** Opening Material provided block **
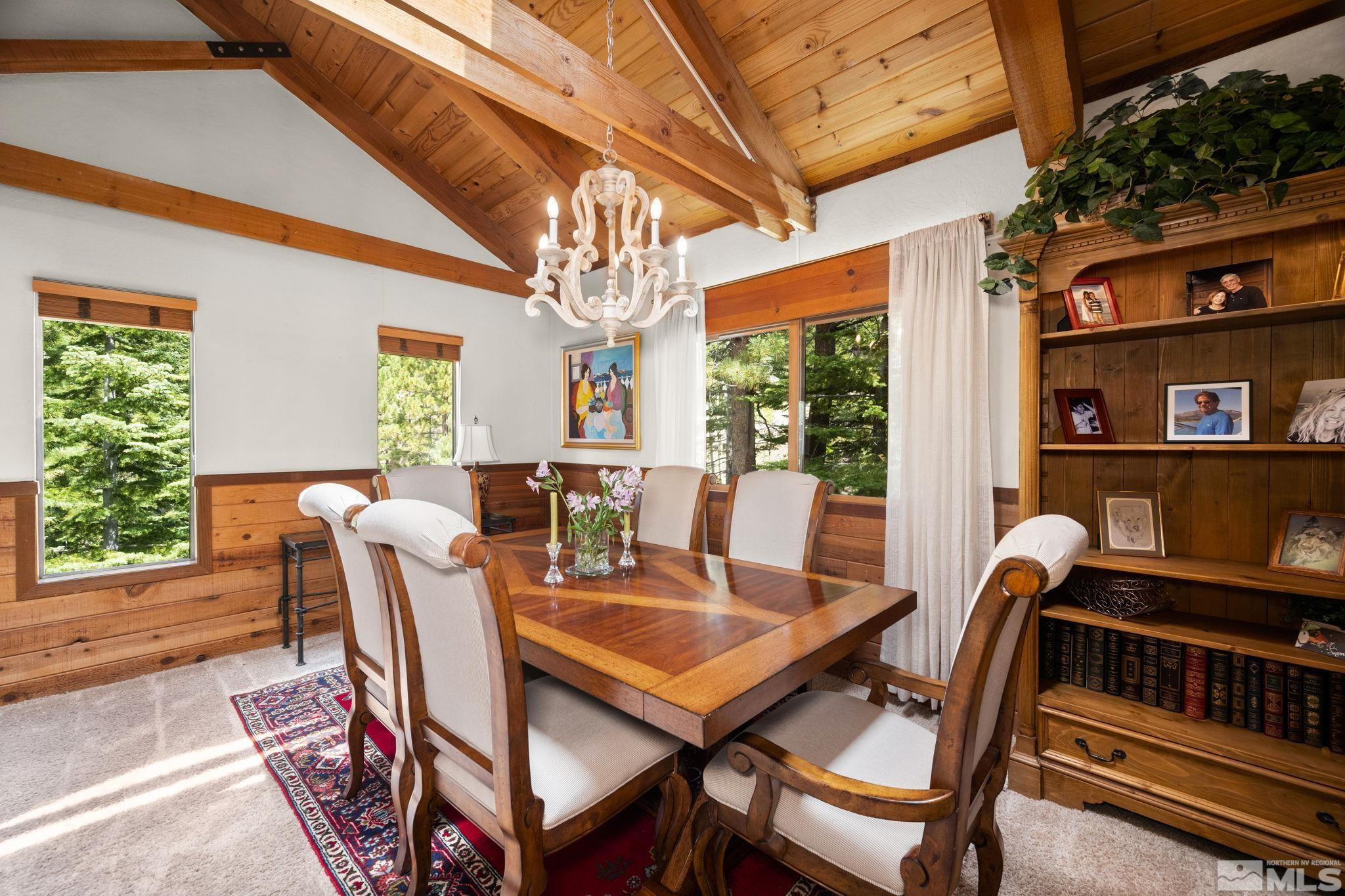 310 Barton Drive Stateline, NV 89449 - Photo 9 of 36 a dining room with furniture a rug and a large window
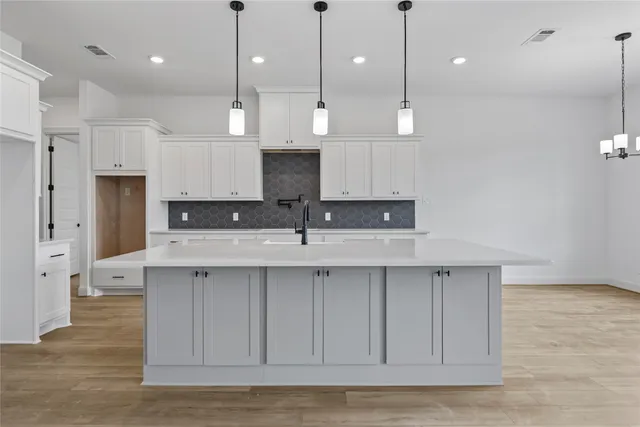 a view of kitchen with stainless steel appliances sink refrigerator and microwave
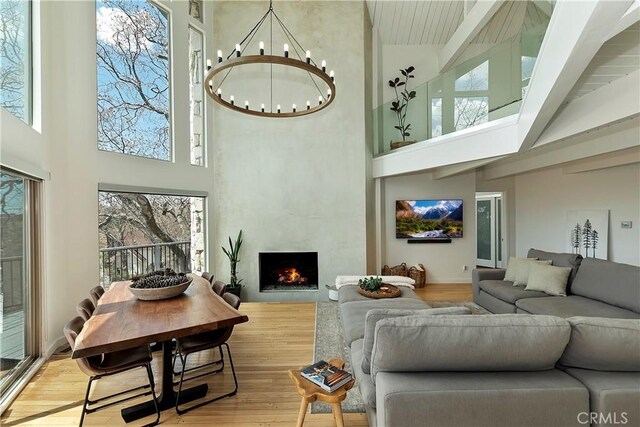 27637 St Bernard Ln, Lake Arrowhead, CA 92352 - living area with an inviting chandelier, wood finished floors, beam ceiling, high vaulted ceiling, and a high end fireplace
** Closing Material provided block **
▸ **Required action**
Copy the listing over exactly, skipping the pictures it holds.

▸ **Response**
 310 Barton Drive Stateline, NV 89449 - Photo 9 of 36 a dining room with furniture a rug and a large window
 a view of kitchen with stainless steel appliances sink refrigerator and microwave
 27637 St Bernard Ln, Lake Arrowhead, CA 92352 - living area with an inviting chandelier, wood finished floors, beam ceiling, high vaulted ceiling, and a high end fireplace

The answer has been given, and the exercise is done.